The reduce stage then starts to update an empty object {} in-place with the setpath function. As the flattening scheme produces an unique path expression for each property, every setpath call will recover one new property of the final output:

{ "menu": { "id": "file" }
{ "menu": { "id": "file", "value": "File" } }
{ "menu": { "id": "file", "value": "File", "popup": { "menuitem": [{ "value": "New" }] } } } }
...

Discussion

Everything sure looks a-OK, but there is one major pitfall in the solution. In mathematical terms, the json_flatten function is not an isomorphism between arbitrary JSON strings and flattened JSONs. In plain speak, there will be buggy inputs.

To start with, consider the JSON

{
  "root": {
    "some/path": true
  }
}

From the point of view of json_flatten, it is equivalent to

{
  "root": {
    "some": {
      "path": true
    }
  }
}

This problem could be fixed by URL-encoding the forward slash. However, as of version 1.6, there’s no support for URL-decoding. An open GitHub issue about this limitation exists.

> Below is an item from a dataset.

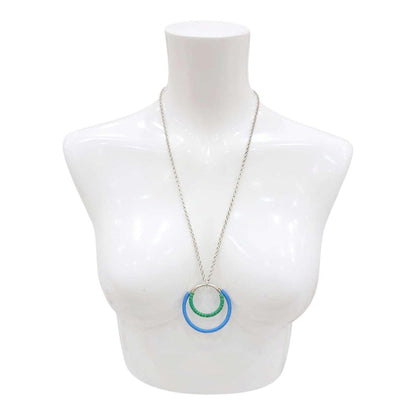 Necklace - Large Double Circle (Blue Green Telecom Wire) by XV Studios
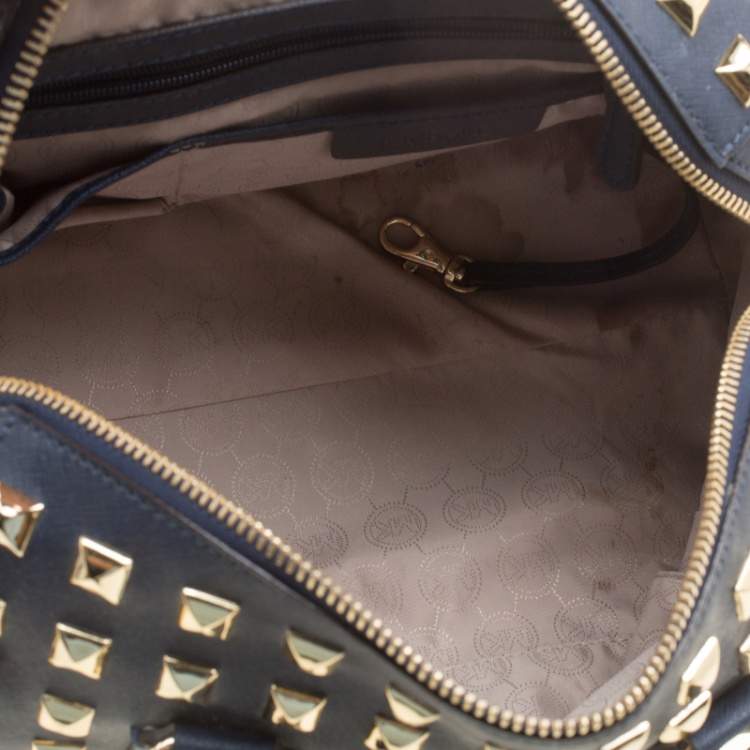 Pre Owned Michael Michael Kors Navy Blue Leather Studded Grayson Satchel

Then there is a far more serious issue. The JSON { "root": { "0": true } } and { "root": [true] } are also equivalent inputs, and there is nothing that can be done about this without changing the specification of the flattening scheme.

This is problematic as now there are inputs like this

{
  "root": {
    "1e12": "one malloc(gazillion) plz"
  }
}

Sane JavaScript engines fall back to representing sparse arrays as hashmaps, saving us from a heap overflow. Do you dare to run jq 'json_flatten | json_unflatten' on that input?

What to do? Well, Pinky, the same we do every time. We validate our input. In mathematical speak, we redefine the domain of the mapping. After all, numerical and path-like object keys are cornercases so it’s perfectly fine to just reject inputs containing them.

The end result flatten.jq with the above considerations reads in its entirety

Notice the shebang line. You may make the above snippet an executable and invoke it as ./flatten.jq FILE or ./flatten.jq FILE --args unflatten.

Where could this be useful? Like mentioned in the introduction, one place where shell scripting is still required is in writing glue code for apps running in Docker containers. A typical startup sequence of a Docker container is made of first fetching the application configuration from some data store as JSON and then starting the application. A strict Twelve-Factor App approach requires that the configuration be exported to the application environment as environment variables. However, for most cases it suffices or is actually safer to just save the configuration as a JSON file and point the application to read it.

In AWS, the configuration data store of choice is AWS Parameter Store. It stores data precisely using the flattened scheme and to reproduce the application configuration some form of the unflatten algorithm is required. This is actually what prompted me to study jq in the first place.

It’s not difficult to do JSON massaging in Python, Perl, NodeJS or any scripting language like that. But since the unflattening algorithm is actually trivial, it is questionable why one should create a Docker image with hundreds of megabytes of extra junk just for manipulating JSON, especially if the main application is written in some non-scripting language like Java.

As a side note, refactoring the configuration fetching logic to the main application is a no-no, as it unnecessarily pulls in the AWS SDK dependency to the main application.

The deeper issue here is that it’s actually really difficult to realize the goal of hardening an application runtime to bare minimum. The scripting languages, with their CVEs and the AWS SDK, creep in very easily.

To tell you my honest opinion, we should all just script in Perl even though it sucks (I’ve actually never tried it). It’s there in practically every Docker image like it or not. In an ideal world, we could just use curl and jq for the configuration fetching step. But in the AWS land, that would raise the question of how to authenticate the curl call without external dependencies. Well, I do not know yet. I suppose I have to return to that in another blog post. Ta-ta for now!